Lowset LoRA/ Single Image LoRA
This is a series where I post my personal findings with training a LoRA with a low or practically non-existent dataset to see what I can come up with. Future posts are mostly likely no longer single image but I am still looking for a minimum effort to retain as much detail as possible while maintaining a flexible LoRA. The overall goal is to make new consistent characters from generations.
As a general disclaimer, these findings may or may not work for you.
The prior articles found be found below:
Turnaround
In this article, I will explain the training process for my second OC character, Enna. The overall design of this character is more simplified to see what kind of mistakes or errors that I can get away with while training it for the first time. The training settings and captioning style are still the same the previous articles.
Dataset Preparation
In this experiment, I created a turnaround using openpose and ControlNet. The turnaround consists of a full body front view,back, and both sides. Stable Diffusion is not able to create a fully consistent turnaround so I had to rely on img2img, and inpainting in order to have a consistent design. I will not be explaining the editing process to get the turnaround consistent since that's very reliant on your art skills/generation skills.
Afterwards, I upscaled the turnaround using MultiDiffusion and TiledVAE to about a 2k resolution. The key here is that you want a high enough resolution where you can add close-ups of any desired details without having jagged pixels when you zoom in a bit on the image. This doesn't mean that you should use a high as possible resolution for your images since it is mostly limited by the image resolution value used in kohyaSS. Having an image resolution beyond this value doesn't offer much benefit. (Image resolution used during training is usually 512x512 or 768x768; In my training, I use 768x768 for more detail capture. An overly high value tends to cause out of memory issues). You do not need to resize your images if they are larger than the training resolution.

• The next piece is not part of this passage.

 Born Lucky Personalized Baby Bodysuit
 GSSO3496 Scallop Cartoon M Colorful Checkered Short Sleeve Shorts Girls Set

Afterwards, I used the Character splitter tool from deepghs to automate getting a portrait shot and upper_body shot for my images.
Full Body View. See the Training Data set for other view points
Other Dataset Images
I used controlnet augmentation and style training method as described in part 3. The captioning and repeats are slightly different. I use "keep n tokens" at 4 so I need to use 4 trigger words for my images.
Captioning:
For the base image:
ennafol,generaloutfit,ascartstyle,1girl
placed in 7_enna folder
For controlnet augmentations for style:
ennafol,generaloutfit,otherstyle,1girl
placed in 2_enna folder
For controlnet augmentations for alternative costumes:
ennafol,otherfit,ascartstyle,1girl
placed in 5_enna folder
For style trainings dataset:
flat_color, anime_screencap, style, ascartstyle
Overall structure:
1_style
2_ennafol (style augmentation; kept low to prevent learning wrong details)
5_ennafol (clothing)
7_ennafol (original images)
Autocaptioned with WD1.5 and then manually captioned for more words. When it comes to the style augmentation, I did not prune words related to eye color and hair color but I did prune those words in the folder with 7 repeats. I recommend downloading the training data to see how I captioned my dataset.
Training Settings:
Training settings are the same the V4 version of Isabella. However, the 1.1 of the Enna LoRA uses a lower training rate at 0.0001, 0.00005 text encoding, and 0.0001 unet. About a tenth or an extra zero added to the training values.
Optimizer: AdamW8Bit
Scheduler: Cosine with Restarts
Keep N tokens: 4
LR: 0.0001
Text: 0.00005
Unet: .0001
No augmentations enabled
Observations:
Version 1.0 for Enna
A lot of concept bleeding with keywords such as behind,back,side. It caused the LoRA to always show the back view whenever it is mentioned. Adding more captions didn't seem to help.
Side view seems to have learned the side image from the dataset fairly well. The side view in my dataset isn't accurate but it's good to know the LoRA did retain the details well enough.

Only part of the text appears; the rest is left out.